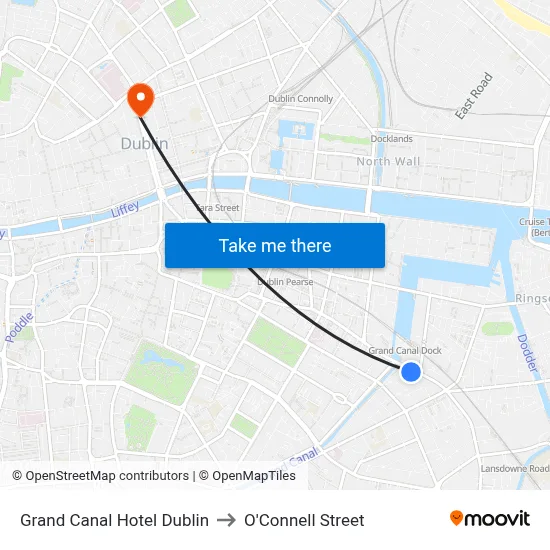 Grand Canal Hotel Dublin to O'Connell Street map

★ ★ ★ ★

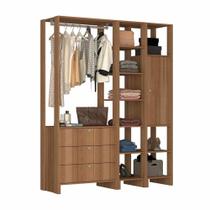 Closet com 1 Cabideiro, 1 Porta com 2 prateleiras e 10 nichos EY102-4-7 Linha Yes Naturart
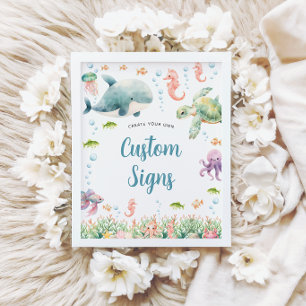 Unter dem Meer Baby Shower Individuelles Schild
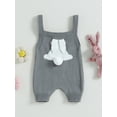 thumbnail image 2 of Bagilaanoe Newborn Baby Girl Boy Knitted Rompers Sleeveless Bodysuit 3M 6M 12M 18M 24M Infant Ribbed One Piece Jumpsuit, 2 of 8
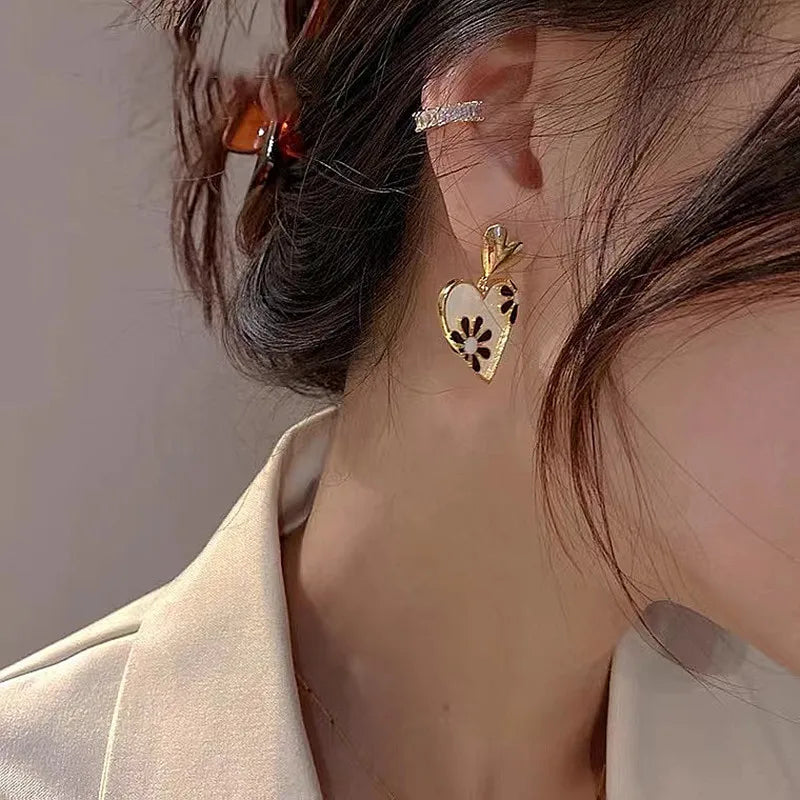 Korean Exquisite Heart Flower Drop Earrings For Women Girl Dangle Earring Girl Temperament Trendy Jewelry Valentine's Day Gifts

★ ★ ★ ★

_Work instructions_.
In the listing above, find the line holding "thumbnail image 2" and the line holding "Korean Exquisite Heart". Reproduce those two lines and all between them exactly, leaving out pictures.

_Completed task_.
 thumbnail image 2 of Bagilaanoe Newborn Baby Girl Boy Knitted Rompers Sleeveless Bodysuit 3M 6M 12M 18M 24M Infant Ribbed One Piece Jumpsuit, 2 of 8
 Korean Exquisite Heart Flower Drop Earrings For Women Girl Dangle Earring Girl Temperament Trendy Jewelry Valentine's Day Gifts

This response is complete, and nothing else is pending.